Elmish Land applications follow the Model-View-Update (MVU) pattern, also known as The Elm Architecture (TEA). This pattern creates a simple, predictable cycle for managing state and UI.

What is the Elm Architecture?

The Elm Architecture originated in the Elm programming language as a way to structure interactive applications. It has since been adopted across many languages and frameworks because of its simplicity and reliability.

The core idea is a unidirectional data flow — state changes always follow the same predictable cycle:

User Action → Message → Update → Model → View
↑ |
└─────────────────────────────────────┘
  1. The View renders the current Model as a UI
  2. A user interaction (click, input, etc.) produces a Message
  3. The Update function takes the message and current model, and returns a new model
  4. The view re-renders with the new model

This cycle repeats for every interaction, making your application's behavior predictable and easy to debug. There are no surprise side effects or hidden state mutations — everything flows through the same loop.

What is Elmish?

Elmish is the F# implementation of the Elm Architecture, built on top of React. It brings the MVU pattern to the .NET ecosystem while leveraging React's efficient rendering under the hood.

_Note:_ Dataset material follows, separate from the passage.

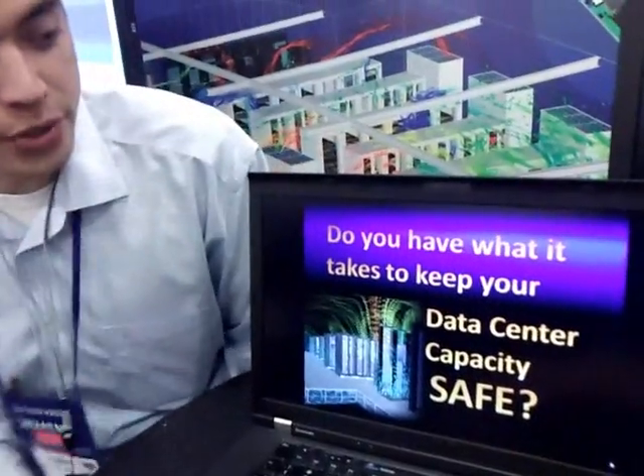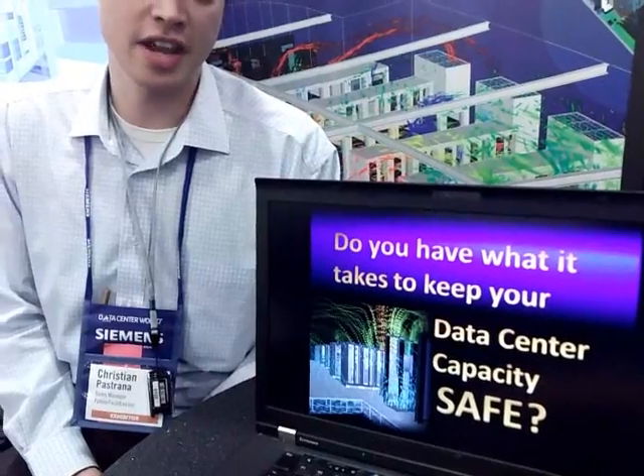I'm Christian Pastrana with Future Facilities, and today we're asking the question to the data center industry: do you have what it takes to keep your data center capacity safe?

Elmish Land builds on top of Elmish by providing file-based routing, layouts, shared state, and CLI tooling — so you get the benefits of the Elm Architecture with the productivity of a full framework.

Model, Update, View in Practice

Here's a simple counter to show how the pieces work together.

Model

The Model is a plain F# type that represents your application state. It is immutable — you never mutate it directly.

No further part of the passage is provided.